WHAT THE EXERCISE ASKS:
Leaving out the pictures, please reproduce exactly and only the lines from the one that contains "USB Headset for" through the last line below.

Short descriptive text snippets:
+ + + + +

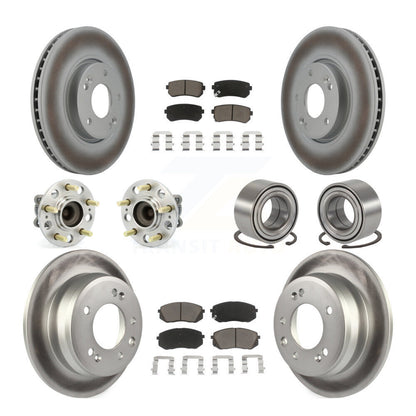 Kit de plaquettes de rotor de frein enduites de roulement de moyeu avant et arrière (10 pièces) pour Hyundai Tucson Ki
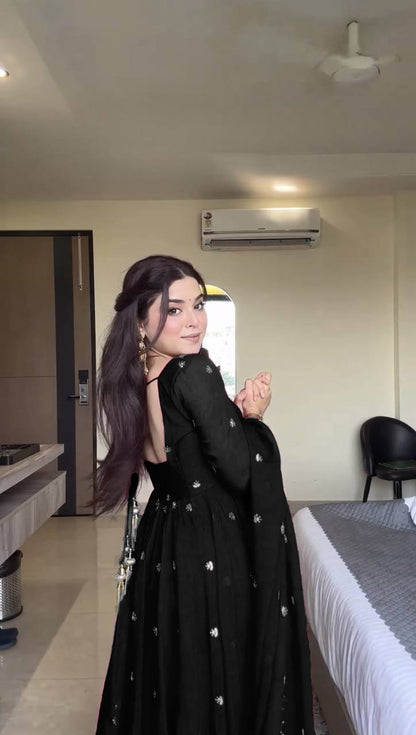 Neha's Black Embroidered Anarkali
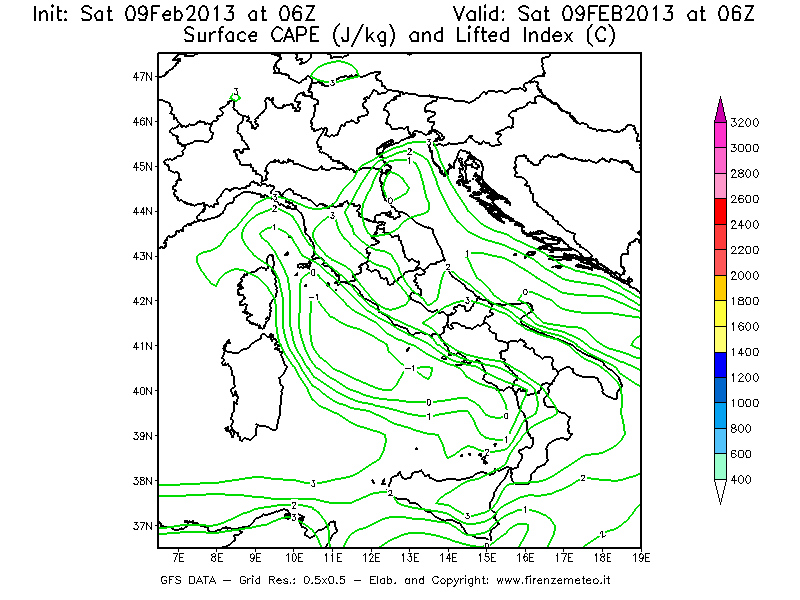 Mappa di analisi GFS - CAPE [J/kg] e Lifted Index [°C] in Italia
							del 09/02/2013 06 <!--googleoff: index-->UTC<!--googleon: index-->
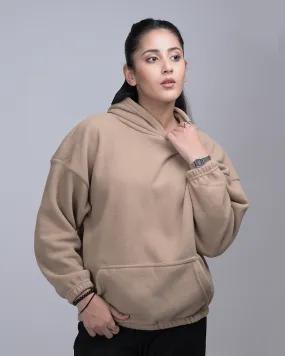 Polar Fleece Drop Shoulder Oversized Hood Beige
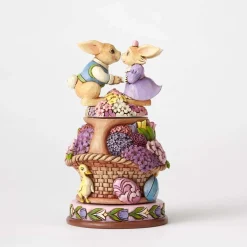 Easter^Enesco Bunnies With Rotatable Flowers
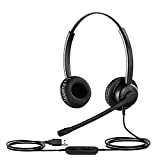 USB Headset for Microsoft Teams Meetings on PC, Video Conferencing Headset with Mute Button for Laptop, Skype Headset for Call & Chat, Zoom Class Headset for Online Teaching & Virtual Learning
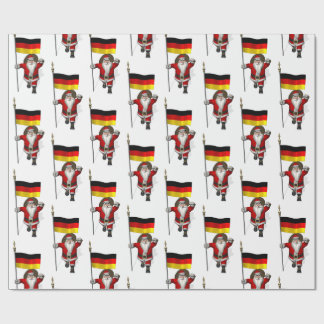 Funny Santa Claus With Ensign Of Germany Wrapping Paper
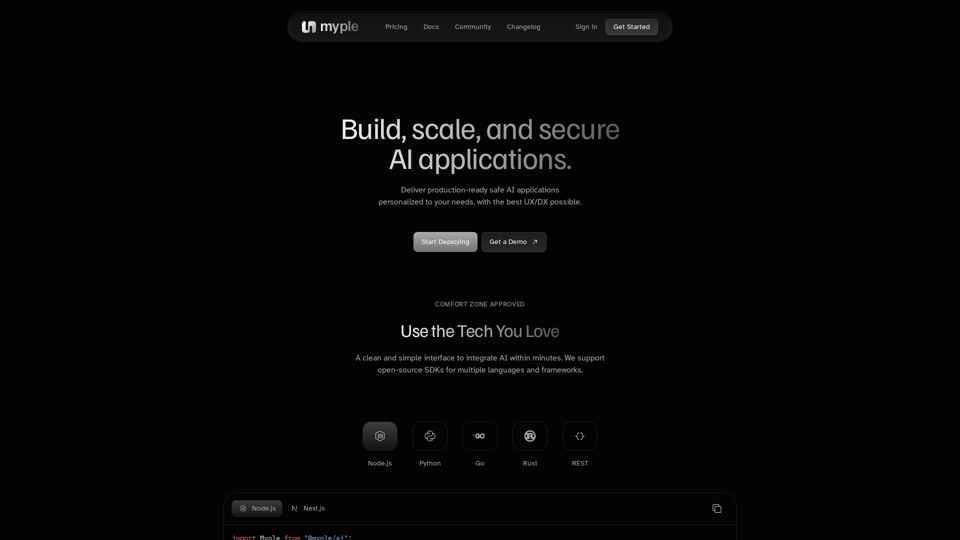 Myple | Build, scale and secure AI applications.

+ + + + +

EXPECTED ANSWER:
 USB Headset for Microsoft Teams Meetings on PC, Video Conferencing Headset with Mute Button for Laptop, Skype Headset for Call & Chat, Zoom Class Headset for Online Teaching & Virtual Learning
 Funny Santa Claus With Ensign Of Germany Wrapping Paper
 Myple | Build, scale and secure AI applications.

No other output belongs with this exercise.